Since 2012, different innovations on CNN architectures have been proposed. These innovations can be classified into parameter optimization, regularization, structural reorganization, etc. However, it is observed that the performance improvement of CNN network should be mainly attributed to the reconstruction of processing units and the design of new modules.

CNN-based applications have become increasingly popular since AlexNet demonstrated extraordinary performance on the ImageNet dataset. Similarly, Zeiler and Fergus introduced the concept of hierarchical visualization of features, which changed the trend of extracting features at simple low spatial resolution with deep architectures such as VGG. Today, most new architectures are built on the simple principles and homogeneous topology introduced by VGG.
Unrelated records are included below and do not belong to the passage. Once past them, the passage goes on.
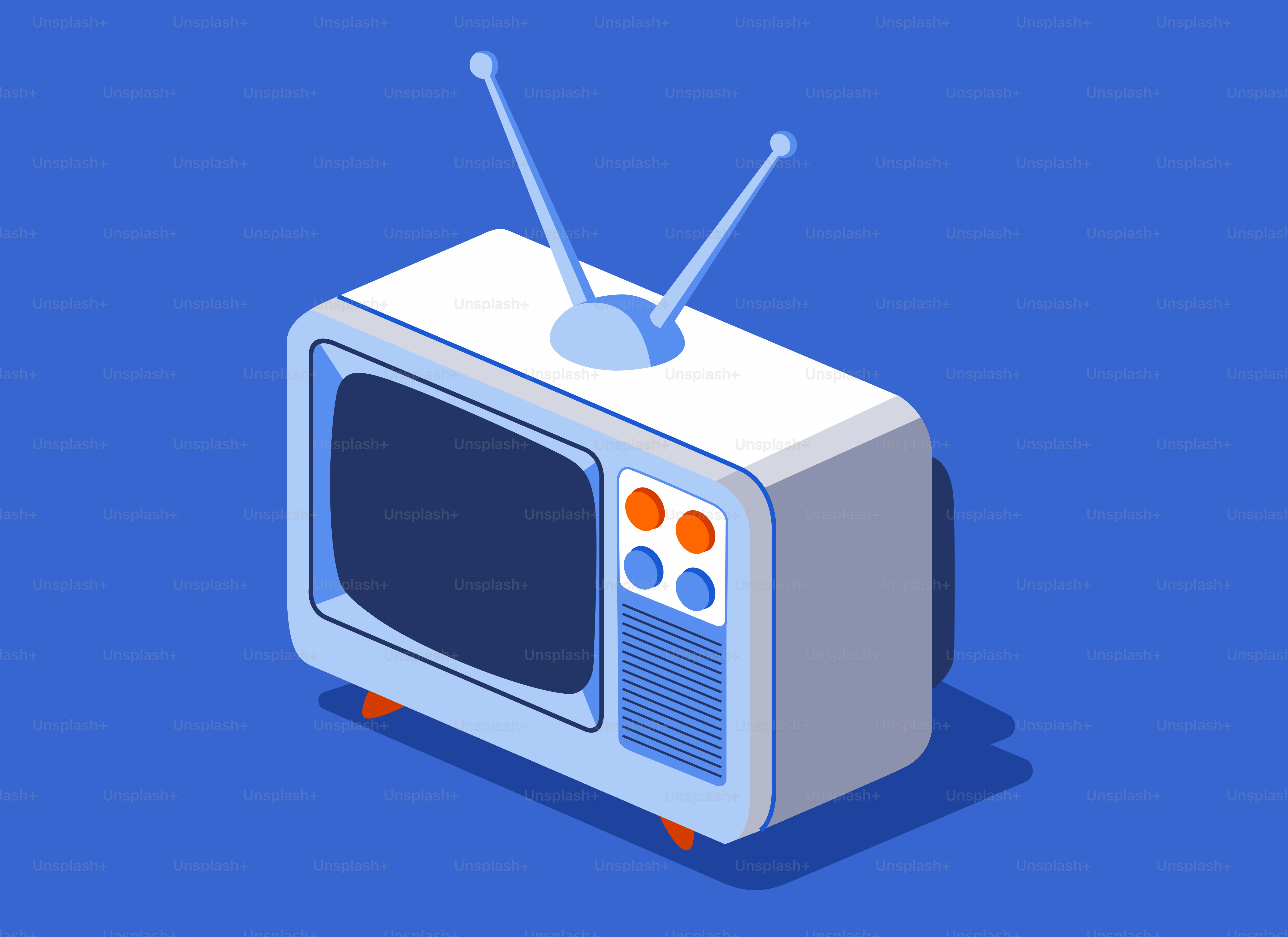 Retro television with antennas on blue background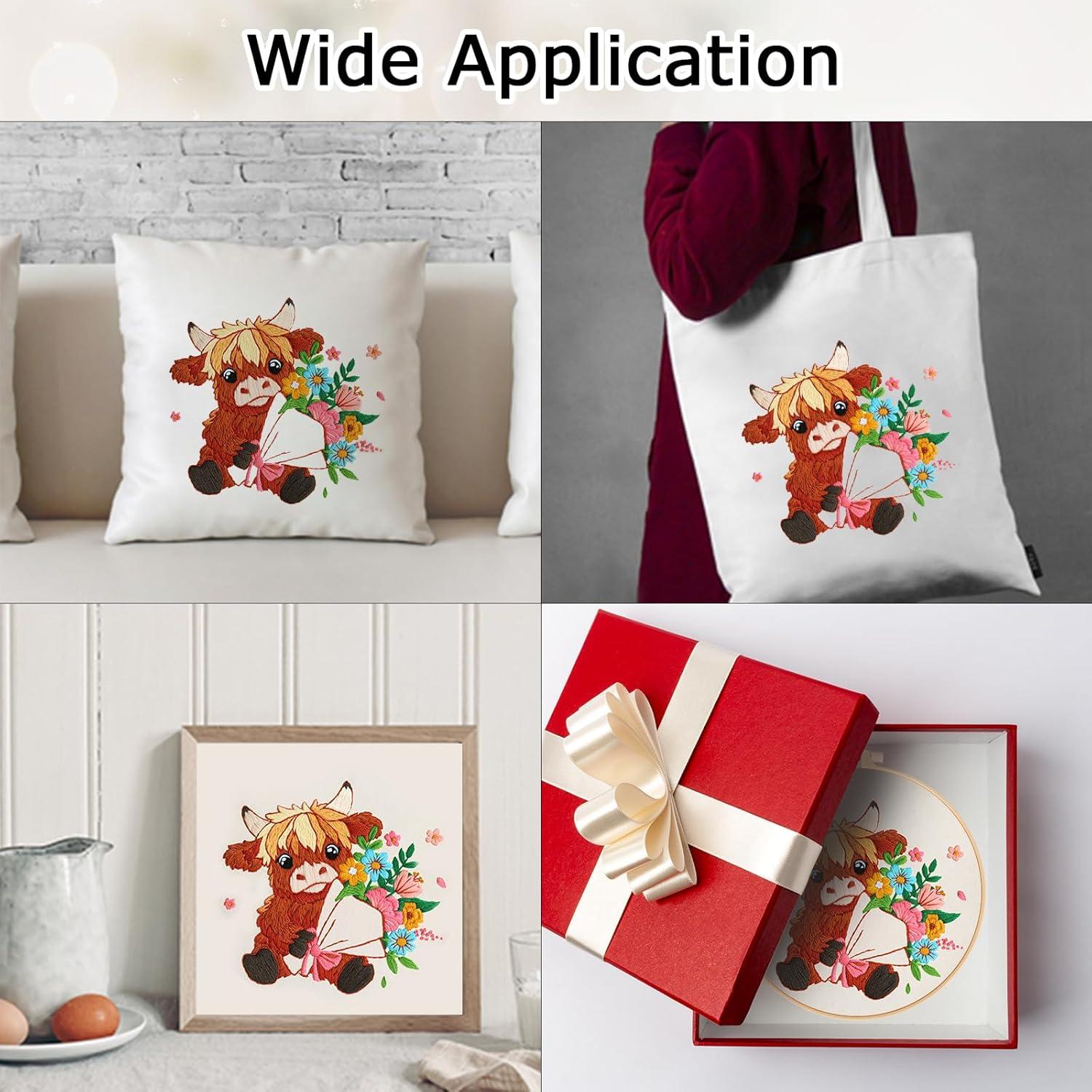 Kit de Bordado de Vaca Nuberlic para Principiantes - Punto de Cruz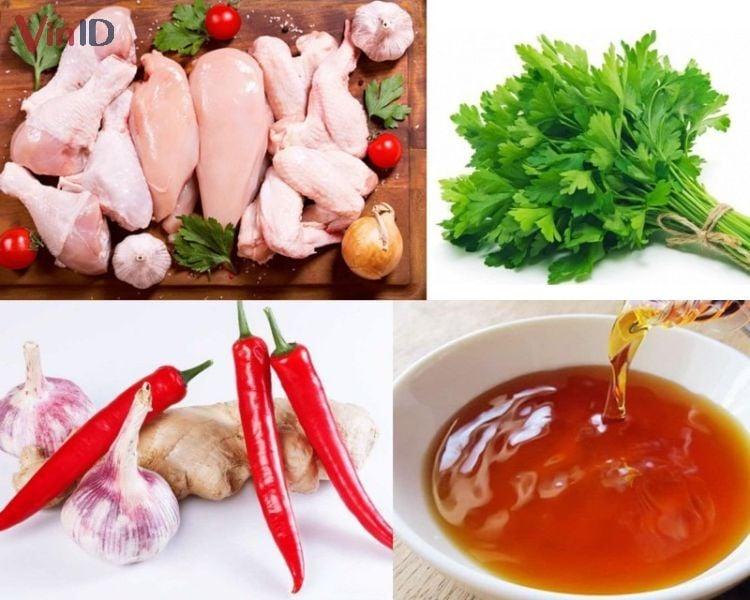 Nguyên liệu làm món gà kho nước mắm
On the other hand, the Google team introduced a very well-known concept of splitting, transforming and merging called Inception modules. The initial block uses the concept of intra-layer branching for the first time, allowing feature extraction at different spatial scales. In 2015, in order to train deep CNN, the concept of residual connections introduced by Resnet became famous, and most of the later networks like Inception-ResNet, WideResNet, ResNext, etc. are using it. Similar to this, some architectures like WideResnet, Pyramidal Nets, Xception all introduce the concept of multi-layer transformation, which is achieved by extra cardinality and increased width. Therefore, the research focus has shifted from parameter optimization and connection re-tuning to network architecture design (layer structure). This leads to many new architectural concepts like channel boosting, spatial and channel utilization, attention-based information processing, etc.

There have been many different improvements to CNN architectures since 1989. All innovations in CNNs are achieved through a combination of depth and space. According to the type of architectural modification, CNNs can be roughly divided into 7 categories: CNNs based on space utilization, depth, multi-path, width, channel boosting, feature map utilization, and attention . The classification of deep CNN architectures is shown in Fig.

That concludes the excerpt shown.